- ENTRIES PROVIDED:
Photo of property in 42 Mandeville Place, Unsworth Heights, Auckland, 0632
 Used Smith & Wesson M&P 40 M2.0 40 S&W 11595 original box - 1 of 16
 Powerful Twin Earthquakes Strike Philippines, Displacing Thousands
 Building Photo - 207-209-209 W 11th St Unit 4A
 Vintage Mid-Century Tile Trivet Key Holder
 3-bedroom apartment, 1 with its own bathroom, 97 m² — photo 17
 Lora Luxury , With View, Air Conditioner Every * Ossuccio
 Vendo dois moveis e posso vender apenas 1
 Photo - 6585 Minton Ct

- EXERCISE DIRECTIONS: Retype every line of the listing, word for word, from its opening line to the line that holds "3-bedroom apartment, 1 with", and include that last line too.

- SOLUTION TO THIS TASK:
Photo of property in 42 Mandeville Place, Unsworth Heights, Auckland, 0632
 Used Smith & Wesson M&P 40 M2.0 40 S&W 11595 original box - 1 of 16
 Powerful Twin Earthquakes Strike Philippines, Displacing Thousands
 Building Photo - 207-209-209 W 11th St Unit 4A
 Vintage Mid-Century Tile Trivet Key Holder
 3-bedroom apartment, 1 with its own bathroom, 97 m² — photo 17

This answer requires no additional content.